## WHAT IS EXPECTED
Write out, word for word, every line from the one containing "Seven nation themes: Rose" through the final line of the records.

*** SUPPLIED MATERIAL Section Begins ***

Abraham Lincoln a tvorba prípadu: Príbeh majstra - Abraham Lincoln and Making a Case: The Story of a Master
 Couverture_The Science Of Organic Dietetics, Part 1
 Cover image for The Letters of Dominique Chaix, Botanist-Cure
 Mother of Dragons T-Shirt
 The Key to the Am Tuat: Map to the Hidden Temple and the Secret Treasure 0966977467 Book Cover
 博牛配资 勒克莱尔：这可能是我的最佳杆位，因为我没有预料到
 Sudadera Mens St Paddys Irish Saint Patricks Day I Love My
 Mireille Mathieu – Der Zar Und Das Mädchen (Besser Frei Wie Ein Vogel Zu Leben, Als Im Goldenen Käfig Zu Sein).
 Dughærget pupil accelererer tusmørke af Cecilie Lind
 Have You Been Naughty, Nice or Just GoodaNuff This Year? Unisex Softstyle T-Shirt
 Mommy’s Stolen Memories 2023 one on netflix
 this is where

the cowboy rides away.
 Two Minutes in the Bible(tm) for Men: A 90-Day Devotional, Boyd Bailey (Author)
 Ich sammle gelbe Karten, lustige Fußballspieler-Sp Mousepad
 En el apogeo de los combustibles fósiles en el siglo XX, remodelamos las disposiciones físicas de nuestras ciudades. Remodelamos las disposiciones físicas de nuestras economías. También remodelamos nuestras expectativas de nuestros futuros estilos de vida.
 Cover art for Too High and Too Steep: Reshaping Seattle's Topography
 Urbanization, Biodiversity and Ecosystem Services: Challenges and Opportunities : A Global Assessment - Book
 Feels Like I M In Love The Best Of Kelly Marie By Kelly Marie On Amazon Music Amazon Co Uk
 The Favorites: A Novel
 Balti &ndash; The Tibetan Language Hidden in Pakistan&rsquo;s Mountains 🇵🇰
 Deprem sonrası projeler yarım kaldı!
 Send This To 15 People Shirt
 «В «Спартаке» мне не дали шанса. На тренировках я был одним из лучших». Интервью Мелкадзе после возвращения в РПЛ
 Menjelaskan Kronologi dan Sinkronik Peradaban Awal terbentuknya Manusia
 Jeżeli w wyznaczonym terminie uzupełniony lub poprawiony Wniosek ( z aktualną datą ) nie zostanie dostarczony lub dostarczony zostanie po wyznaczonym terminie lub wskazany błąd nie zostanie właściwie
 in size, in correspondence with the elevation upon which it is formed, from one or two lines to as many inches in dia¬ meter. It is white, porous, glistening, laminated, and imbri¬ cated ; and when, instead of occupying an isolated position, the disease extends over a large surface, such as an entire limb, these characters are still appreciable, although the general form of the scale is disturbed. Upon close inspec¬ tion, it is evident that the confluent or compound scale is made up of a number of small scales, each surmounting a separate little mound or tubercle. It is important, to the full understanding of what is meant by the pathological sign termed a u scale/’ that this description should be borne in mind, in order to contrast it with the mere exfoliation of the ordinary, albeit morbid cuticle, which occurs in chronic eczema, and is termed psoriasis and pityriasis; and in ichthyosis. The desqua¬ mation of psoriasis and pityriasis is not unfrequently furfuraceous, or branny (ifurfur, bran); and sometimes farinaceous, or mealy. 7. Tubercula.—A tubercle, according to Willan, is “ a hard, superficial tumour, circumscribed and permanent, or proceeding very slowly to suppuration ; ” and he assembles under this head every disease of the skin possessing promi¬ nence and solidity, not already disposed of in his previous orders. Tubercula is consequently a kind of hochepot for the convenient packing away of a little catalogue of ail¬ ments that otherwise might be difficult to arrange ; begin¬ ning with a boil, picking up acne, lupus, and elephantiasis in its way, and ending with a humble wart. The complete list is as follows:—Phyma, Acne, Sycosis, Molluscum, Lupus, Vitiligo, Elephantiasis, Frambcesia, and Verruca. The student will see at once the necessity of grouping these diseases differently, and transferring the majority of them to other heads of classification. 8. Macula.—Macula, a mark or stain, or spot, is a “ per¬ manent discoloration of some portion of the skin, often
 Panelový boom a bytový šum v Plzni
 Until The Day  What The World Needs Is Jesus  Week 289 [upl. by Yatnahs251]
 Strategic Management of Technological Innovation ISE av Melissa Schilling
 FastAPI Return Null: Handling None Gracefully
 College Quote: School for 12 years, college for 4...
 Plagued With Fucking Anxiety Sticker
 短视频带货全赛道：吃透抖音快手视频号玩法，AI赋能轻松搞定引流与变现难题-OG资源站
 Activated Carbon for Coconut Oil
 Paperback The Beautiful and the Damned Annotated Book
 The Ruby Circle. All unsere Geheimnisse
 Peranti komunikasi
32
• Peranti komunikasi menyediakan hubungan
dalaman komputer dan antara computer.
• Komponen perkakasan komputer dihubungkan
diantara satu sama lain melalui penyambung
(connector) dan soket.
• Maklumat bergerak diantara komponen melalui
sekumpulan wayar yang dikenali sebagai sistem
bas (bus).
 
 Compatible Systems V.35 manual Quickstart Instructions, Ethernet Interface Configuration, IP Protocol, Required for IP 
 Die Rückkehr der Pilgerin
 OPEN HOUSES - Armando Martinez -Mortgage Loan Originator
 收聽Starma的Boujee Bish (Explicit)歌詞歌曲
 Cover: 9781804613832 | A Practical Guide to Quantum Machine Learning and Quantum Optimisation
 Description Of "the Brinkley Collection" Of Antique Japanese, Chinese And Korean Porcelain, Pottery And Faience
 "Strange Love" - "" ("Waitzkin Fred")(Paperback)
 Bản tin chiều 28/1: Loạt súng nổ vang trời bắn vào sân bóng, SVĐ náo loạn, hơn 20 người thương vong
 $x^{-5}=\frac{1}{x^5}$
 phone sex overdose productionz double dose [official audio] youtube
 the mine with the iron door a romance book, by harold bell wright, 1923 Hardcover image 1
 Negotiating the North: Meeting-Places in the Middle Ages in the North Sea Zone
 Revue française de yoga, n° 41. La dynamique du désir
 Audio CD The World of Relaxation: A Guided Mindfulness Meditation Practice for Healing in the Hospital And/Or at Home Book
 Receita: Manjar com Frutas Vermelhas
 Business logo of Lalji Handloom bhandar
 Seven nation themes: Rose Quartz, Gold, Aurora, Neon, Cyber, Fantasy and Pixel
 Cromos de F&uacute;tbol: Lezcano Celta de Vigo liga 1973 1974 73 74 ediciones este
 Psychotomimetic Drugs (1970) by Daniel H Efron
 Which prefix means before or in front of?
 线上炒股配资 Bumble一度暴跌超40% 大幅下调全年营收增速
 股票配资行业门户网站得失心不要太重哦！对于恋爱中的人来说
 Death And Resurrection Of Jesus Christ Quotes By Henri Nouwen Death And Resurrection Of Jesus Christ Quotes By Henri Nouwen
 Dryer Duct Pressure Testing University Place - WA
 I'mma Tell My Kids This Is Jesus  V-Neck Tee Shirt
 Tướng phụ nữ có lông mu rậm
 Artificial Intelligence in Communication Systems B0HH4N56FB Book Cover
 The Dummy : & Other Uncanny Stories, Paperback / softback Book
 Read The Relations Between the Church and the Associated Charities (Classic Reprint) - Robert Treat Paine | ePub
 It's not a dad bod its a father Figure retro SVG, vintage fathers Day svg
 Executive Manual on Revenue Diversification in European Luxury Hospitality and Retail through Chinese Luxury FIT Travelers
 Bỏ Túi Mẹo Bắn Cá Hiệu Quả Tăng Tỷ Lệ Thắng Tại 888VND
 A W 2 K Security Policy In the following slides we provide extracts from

*** SUPPLIED MATERIAL Section Ends ***

## REPLY
 Seven nation themes: Rose Quartz, Gold, Aurora, Neon, Cyber, Fantasy and Pixel
 Cromos de F&uacute;tbol: Lezcano Celta de Vigo liga 1973 1974 73 74 ediciones este
 Psychotomimetic Drugs (1970) by Daniel H Efron
 Which prefix means before or in front of?
 线上炒股配资 Bumble一度暴跌超40% 大幅下调全年营收增速
 股票配资行业门户网站得失心不要太重哦！对于恋爱中的人来说
 Death And Resurrection Of Jesus Christ Quotes By Henri Nouwen Death And Resurrection Of Jesus Christ Quotes By Henri Nouwen
 Dryer Duct Pressure Testing University Place - WA
 I'mma Tell My Kids This Is Jesus  V-Neck Tee Shirt
 Tướng phụ nữ có lông mu rậm
 Artificial Intelligence in Communication Systems B0HH4N56FB Book Cover
 The Dummy : & Other Uncanny Stories, Paperback / softback Book
 Read The Relations Between the Church and the Associated Charities (Classic Reprint) - Robert Treat Paine | ePub
 It's not a dad bod its a father Figure retro SVG, vintage fathers Day svg
 Executive Manual on Revenue Diversification in European Luxury Hospitality and Retail through Chinese Luxury FIT Travelers
 Bỏ Túi Mẹo Bắn Cá Hiệu Quả Tăng Tỷ Lệ Thắng Tại 888VND
 A W 2 K Security Policy In the following slides we provide extracts from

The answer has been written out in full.